• [Dataset records]:
<<<<

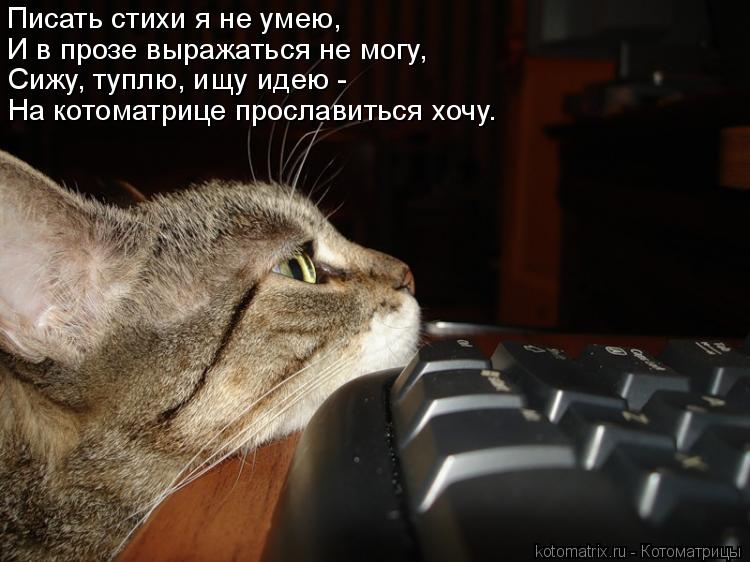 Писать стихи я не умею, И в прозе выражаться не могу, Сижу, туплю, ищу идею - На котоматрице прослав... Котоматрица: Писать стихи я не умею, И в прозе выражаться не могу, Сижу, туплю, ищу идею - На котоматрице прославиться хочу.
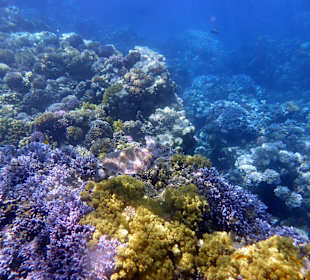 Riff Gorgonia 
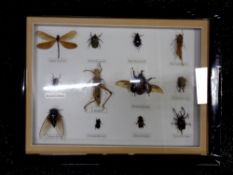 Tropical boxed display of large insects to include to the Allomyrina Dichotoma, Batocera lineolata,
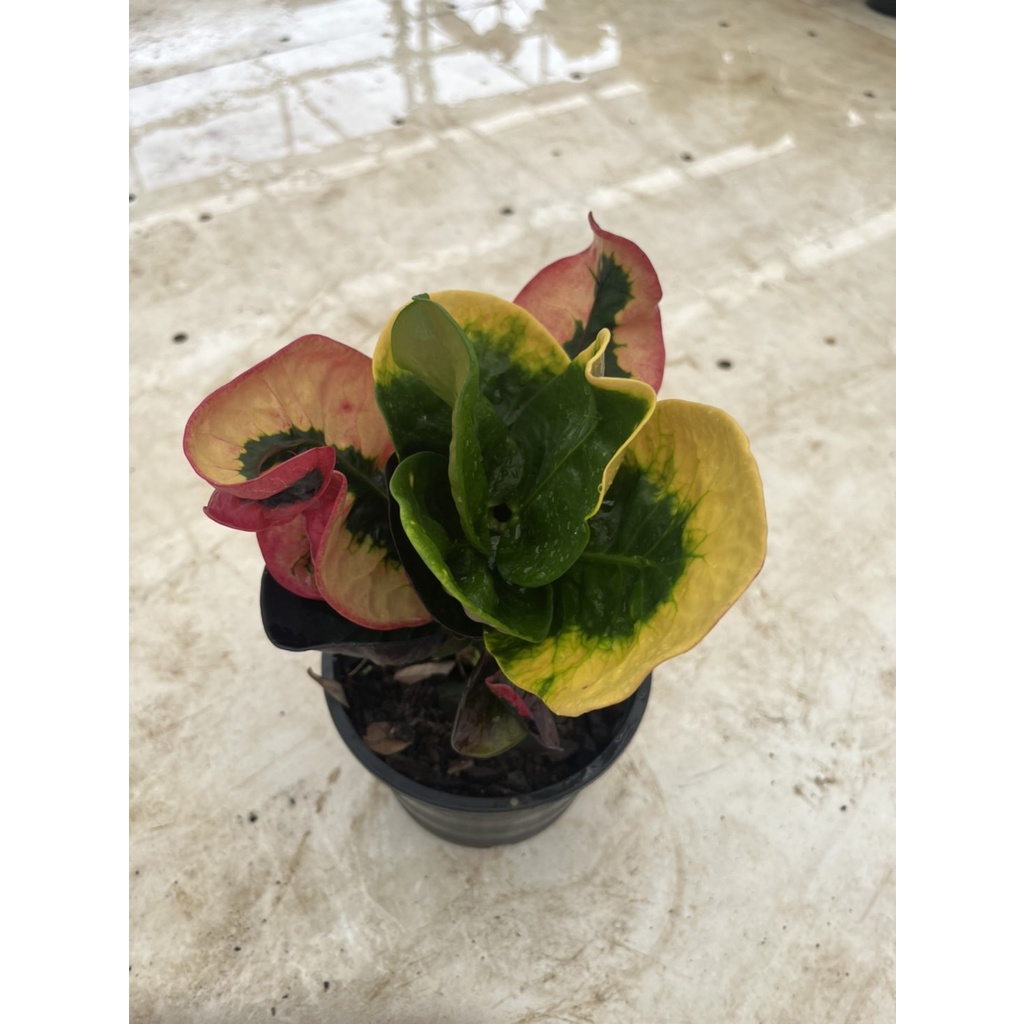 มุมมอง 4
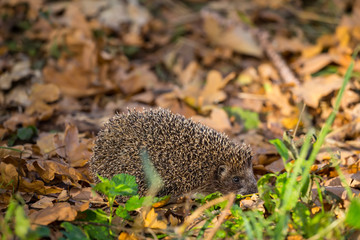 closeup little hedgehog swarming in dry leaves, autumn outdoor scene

>>>>
<<<<

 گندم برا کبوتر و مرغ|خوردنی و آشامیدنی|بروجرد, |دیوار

>>>>

• [Task objective]: Given the entries above, transcribe exactly the lines from the one holding "Tropical boxed display" through the one holding "closeup little hedgehog"; pictures do not belong in the transcription.

• [Response to this exercise]:
 Tropical boxed display of large insects to include to the Allomyrina Dichotoma, Batocera lineolata,
 มุมมอง 4
 closeup little hedgehog swarming in dry leaves, autumn outdoor scene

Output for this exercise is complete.